- [Recorded information]
··········

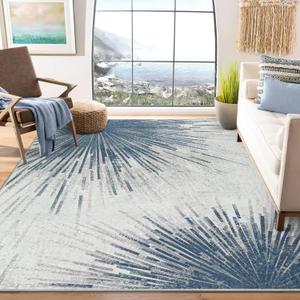 Lahome Modern 8x10 Rugs for Living Room - Washable Ultra-Thin Large Area Rug Throw Non-Slip Stain Resistant Rug for Dining Room Table, Abstract Print Carpet Rug for Bedroom Office (Blue/ Gray, 8'x10')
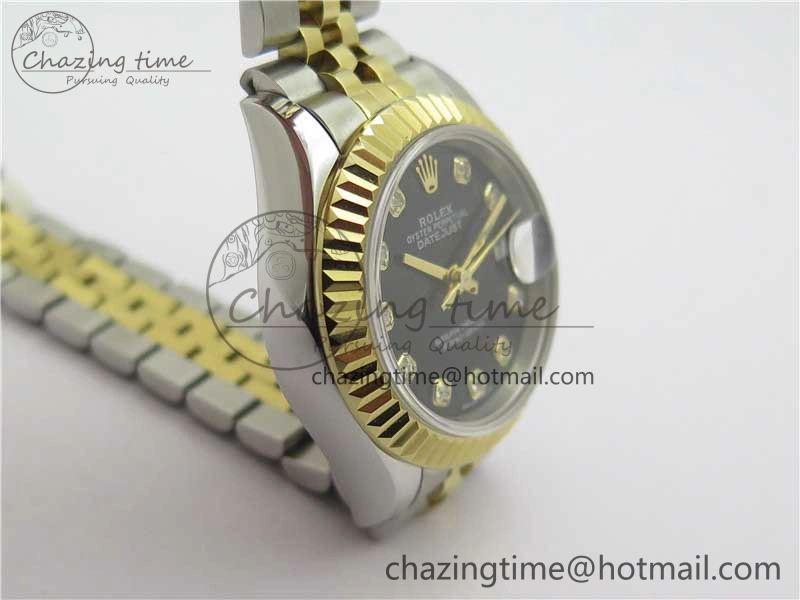 Datejust 28mm 279173 SS YG BP Maker Best Edition Black Crystal Dial on SS YG Jubilee Bracelet ETA2671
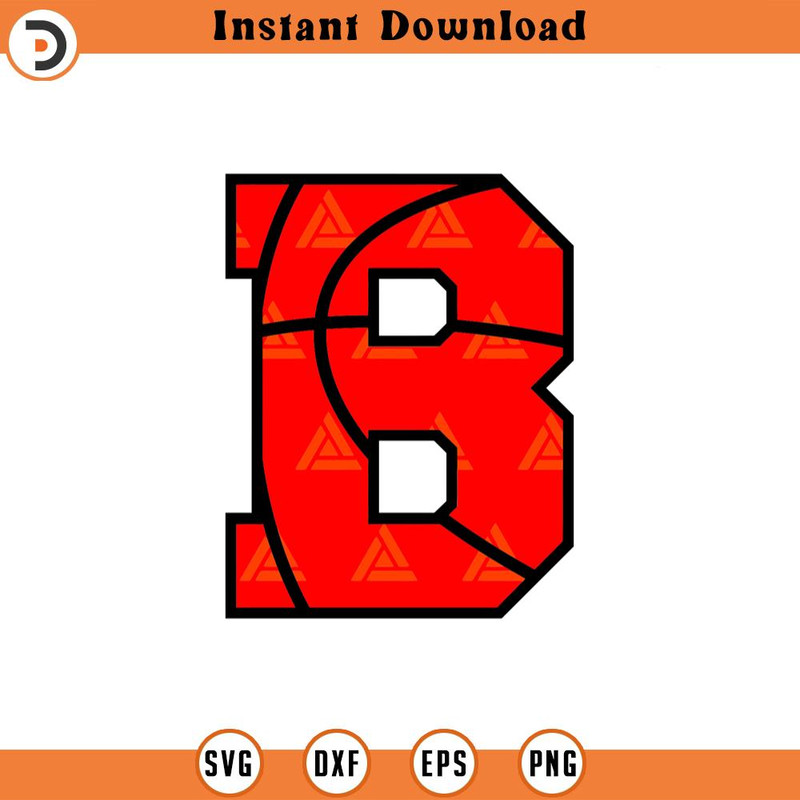SVG1987-Basketball B Letter Monogram Svg, Game Day Svg, Basketball Mom T shirt Svg, Cheer Mom Svg Cut File Cricut, Silhouette, Png Pdf Eps, Vector.jpg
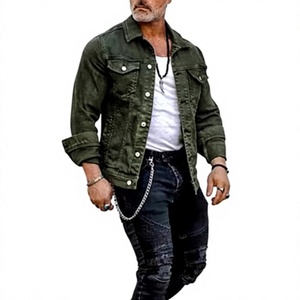 Veste en jean en coton vert olive pour homme, col rabattu, fermeture boutonnée, style décontracté, coupe ajustée, longueur normale, veste décontractée - Product Image 4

··········

Write out each line of the data above exactly, starting at the top and finishing with the line containing "SVG1987-Basketball B Letter"; omit the pictures.

- [Solved exercise]
 Lahome Modern 8x10 Rugs for Living Room - Washable Ultra-Thin Large Area Rug Throw Non-Slip Stain Resistant Rug for Dining Room Table, Abstract Print Carpet Rug for Bedroom Office (Blue/ Gray, 8'x10')
 Datejust 28mm 279173 SS YG BP Maker Best Edition Black Crystal Dial on SS YG Jubilee Bracelet ETA2671
SVG1987-Basketball B Letter Monogram Svg, Game Day Svg, Basketball Mom T shirt Svg, Cheer Mom Svg Cut File Cricut, Silhouette, Png Pdf Eps, Vector.jpg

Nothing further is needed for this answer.